> [Image-caption web data]:

━━━━━━━━

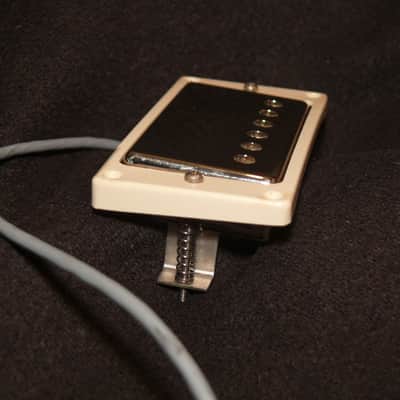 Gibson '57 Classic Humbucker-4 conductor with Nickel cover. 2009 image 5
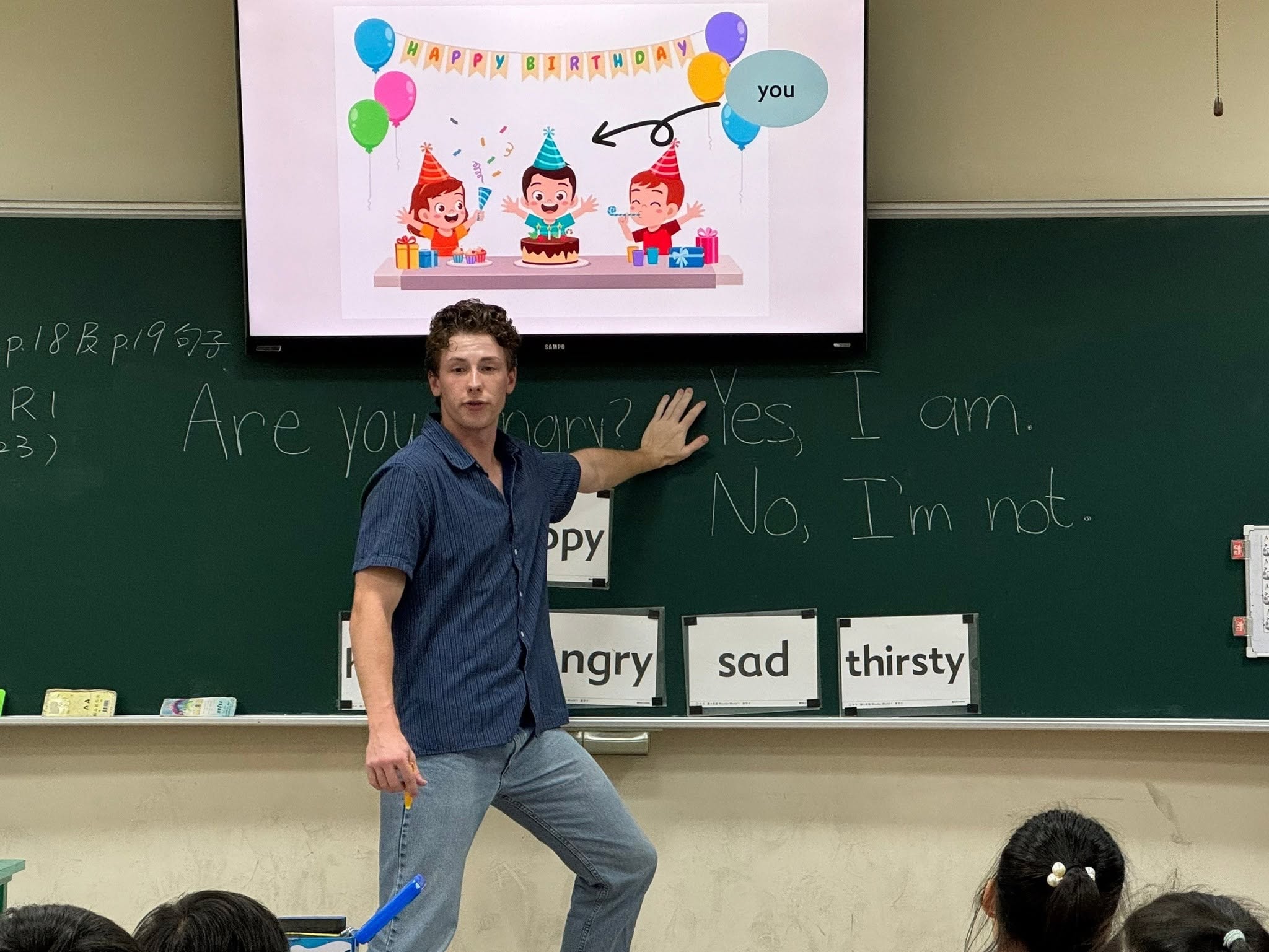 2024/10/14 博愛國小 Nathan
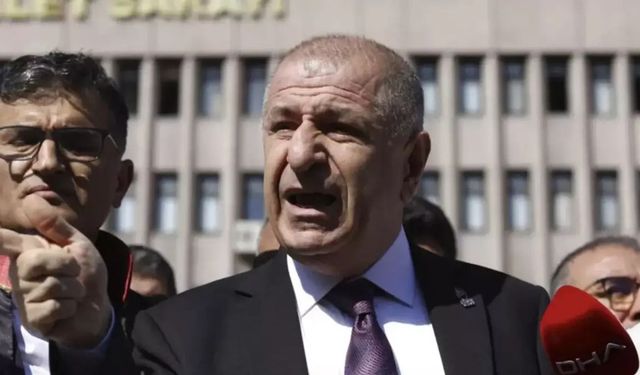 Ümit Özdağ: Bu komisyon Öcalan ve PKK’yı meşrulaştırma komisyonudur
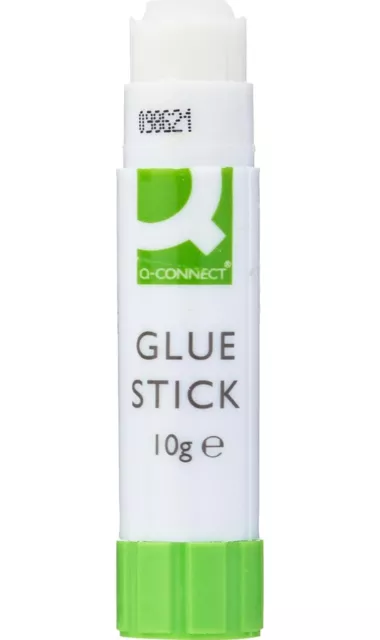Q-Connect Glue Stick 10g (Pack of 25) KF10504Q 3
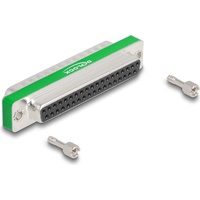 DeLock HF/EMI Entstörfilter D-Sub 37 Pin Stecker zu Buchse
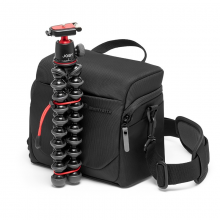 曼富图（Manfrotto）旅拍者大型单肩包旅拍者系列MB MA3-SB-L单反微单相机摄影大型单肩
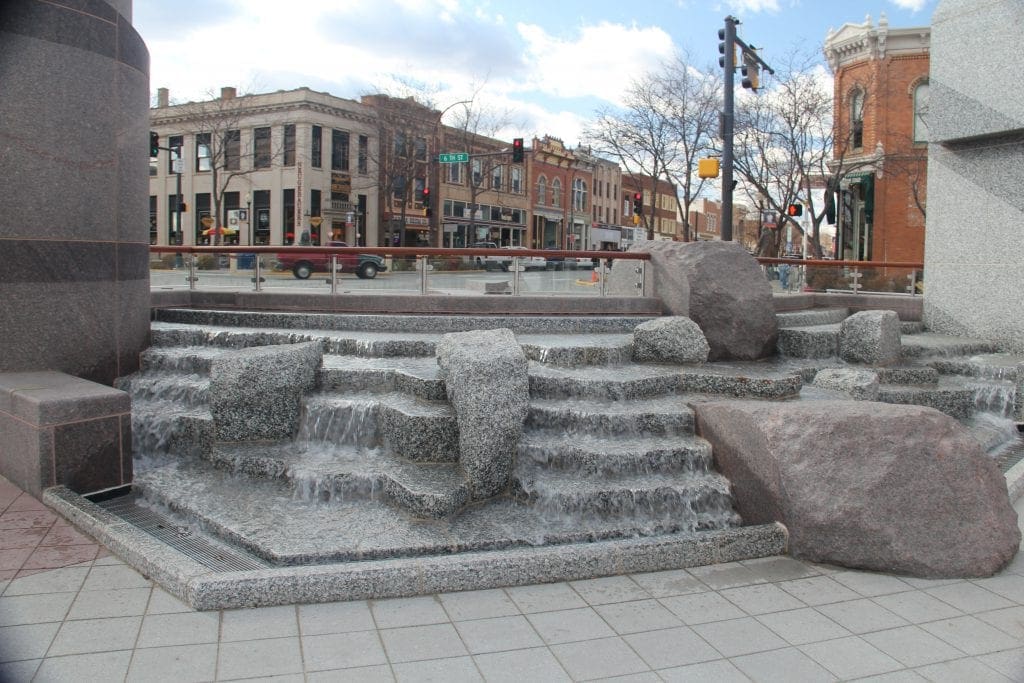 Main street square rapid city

━━━━━━━━

Copy all of the data above exactly. Leave out every picture.

> [Completed task]:
 Gibson '57 Classic Humbucker-4 conductor with Nickel cover. 2009 image 5
 2024/10/14 博愛國小 Nathan
 Ümit Özdağ: Bu komisyon Öcalan ve PKK’yı meşrulaştırma komisyonudur
Q-Connect Glue Stick 10g (Pack of 25) KF10504Q 3
 DeLock HF/EMI Entstörfilter D-Sub 37 Pin Stecker zu Buchse
 曼富图（Manfrotto）旅拍者大型单肩包旅拍者系列MB MA3-SB-L单反微单相机摄影大型单肩
 Main street square rapid city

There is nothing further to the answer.